REQUIRED WORK: From the entries below, copy every line that holds the word "What".

RECORDS FOR THIS TASK:
*** Block opens ***

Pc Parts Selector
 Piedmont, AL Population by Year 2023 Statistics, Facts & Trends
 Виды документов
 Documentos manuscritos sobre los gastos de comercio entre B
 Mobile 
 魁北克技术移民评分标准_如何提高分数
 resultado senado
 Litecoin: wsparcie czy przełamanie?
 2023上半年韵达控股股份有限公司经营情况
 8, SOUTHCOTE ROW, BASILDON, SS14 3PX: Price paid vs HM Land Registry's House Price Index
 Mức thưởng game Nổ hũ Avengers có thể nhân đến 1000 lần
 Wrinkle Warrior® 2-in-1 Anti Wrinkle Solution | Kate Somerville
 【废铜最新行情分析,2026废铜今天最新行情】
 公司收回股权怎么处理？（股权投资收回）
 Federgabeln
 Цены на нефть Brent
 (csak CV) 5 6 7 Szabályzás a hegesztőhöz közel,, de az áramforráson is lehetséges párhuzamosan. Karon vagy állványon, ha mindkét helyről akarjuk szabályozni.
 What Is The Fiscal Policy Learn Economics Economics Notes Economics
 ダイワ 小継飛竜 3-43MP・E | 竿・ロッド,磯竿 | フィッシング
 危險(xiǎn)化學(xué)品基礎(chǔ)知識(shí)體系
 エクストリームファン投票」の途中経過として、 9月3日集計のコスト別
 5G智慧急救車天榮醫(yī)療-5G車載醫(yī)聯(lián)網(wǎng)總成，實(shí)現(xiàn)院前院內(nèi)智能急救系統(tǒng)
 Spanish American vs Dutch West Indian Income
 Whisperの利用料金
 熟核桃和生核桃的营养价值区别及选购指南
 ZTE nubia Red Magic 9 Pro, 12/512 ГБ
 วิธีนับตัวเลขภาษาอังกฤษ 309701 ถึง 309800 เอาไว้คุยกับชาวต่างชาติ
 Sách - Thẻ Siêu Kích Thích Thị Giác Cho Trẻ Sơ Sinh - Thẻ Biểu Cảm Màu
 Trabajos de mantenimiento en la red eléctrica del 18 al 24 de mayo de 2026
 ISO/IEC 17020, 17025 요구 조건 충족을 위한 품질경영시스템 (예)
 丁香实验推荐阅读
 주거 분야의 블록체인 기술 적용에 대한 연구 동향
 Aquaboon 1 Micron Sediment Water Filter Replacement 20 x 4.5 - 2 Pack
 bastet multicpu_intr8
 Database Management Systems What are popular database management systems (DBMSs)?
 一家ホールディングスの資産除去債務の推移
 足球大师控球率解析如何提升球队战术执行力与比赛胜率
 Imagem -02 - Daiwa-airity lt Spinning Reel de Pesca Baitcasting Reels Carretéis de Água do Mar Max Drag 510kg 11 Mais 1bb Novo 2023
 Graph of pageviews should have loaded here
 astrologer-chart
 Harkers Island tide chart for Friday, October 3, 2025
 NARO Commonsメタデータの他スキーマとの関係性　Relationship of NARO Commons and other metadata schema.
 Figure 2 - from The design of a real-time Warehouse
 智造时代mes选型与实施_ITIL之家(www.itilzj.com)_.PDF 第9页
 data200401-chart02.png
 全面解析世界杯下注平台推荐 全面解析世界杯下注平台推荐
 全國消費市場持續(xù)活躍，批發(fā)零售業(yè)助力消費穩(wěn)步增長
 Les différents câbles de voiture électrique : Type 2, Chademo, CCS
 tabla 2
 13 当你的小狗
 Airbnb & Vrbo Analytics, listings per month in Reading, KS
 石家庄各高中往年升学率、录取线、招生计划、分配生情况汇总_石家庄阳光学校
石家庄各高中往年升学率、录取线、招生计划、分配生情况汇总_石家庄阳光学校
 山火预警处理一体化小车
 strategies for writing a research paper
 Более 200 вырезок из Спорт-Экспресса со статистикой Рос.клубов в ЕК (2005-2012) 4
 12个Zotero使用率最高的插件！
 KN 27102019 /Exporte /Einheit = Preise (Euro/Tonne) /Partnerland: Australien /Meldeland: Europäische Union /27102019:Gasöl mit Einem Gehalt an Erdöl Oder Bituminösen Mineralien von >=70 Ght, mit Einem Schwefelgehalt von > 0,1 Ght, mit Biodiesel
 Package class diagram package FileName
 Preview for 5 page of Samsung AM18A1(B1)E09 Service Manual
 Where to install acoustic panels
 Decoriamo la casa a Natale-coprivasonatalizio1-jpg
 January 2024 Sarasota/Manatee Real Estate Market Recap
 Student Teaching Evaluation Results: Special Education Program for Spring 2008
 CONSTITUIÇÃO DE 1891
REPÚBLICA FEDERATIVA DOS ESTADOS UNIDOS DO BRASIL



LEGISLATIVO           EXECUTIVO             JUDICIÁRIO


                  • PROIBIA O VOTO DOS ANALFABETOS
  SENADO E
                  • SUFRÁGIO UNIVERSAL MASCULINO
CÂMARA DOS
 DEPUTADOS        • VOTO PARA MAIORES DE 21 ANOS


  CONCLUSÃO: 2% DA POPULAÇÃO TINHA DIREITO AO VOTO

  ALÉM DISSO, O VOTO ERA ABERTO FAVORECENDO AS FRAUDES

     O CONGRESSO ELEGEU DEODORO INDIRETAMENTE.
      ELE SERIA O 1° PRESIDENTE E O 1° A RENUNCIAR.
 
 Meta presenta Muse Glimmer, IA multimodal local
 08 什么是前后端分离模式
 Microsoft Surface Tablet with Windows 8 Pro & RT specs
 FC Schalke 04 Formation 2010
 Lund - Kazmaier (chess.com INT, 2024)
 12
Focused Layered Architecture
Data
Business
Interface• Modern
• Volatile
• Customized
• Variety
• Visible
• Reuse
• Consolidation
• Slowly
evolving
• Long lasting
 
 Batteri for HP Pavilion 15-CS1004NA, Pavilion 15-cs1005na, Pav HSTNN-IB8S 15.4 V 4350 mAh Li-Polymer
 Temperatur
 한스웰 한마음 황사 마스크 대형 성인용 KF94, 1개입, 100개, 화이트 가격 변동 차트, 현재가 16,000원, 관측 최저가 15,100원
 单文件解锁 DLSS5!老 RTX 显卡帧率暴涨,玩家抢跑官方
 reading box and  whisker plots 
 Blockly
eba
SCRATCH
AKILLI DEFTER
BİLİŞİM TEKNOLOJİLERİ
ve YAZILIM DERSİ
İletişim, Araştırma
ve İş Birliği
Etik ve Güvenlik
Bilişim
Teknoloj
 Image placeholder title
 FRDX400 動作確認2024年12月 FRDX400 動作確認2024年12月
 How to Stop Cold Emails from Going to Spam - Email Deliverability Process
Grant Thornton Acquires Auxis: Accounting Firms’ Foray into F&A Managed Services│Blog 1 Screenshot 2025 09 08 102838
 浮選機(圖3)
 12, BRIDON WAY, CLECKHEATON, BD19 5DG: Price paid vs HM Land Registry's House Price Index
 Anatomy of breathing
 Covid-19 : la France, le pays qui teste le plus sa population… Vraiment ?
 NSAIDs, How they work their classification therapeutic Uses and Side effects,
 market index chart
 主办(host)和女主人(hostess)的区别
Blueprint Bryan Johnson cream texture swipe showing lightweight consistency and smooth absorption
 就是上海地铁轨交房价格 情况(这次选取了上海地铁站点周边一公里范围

*** Block closes ***

RESPONSE TO THE EXERCISE:
 What Is The Fiscal Policy Learn Economics Economics Notes Economics
 Database Management Systems What are popular database management systems (DBMSs)?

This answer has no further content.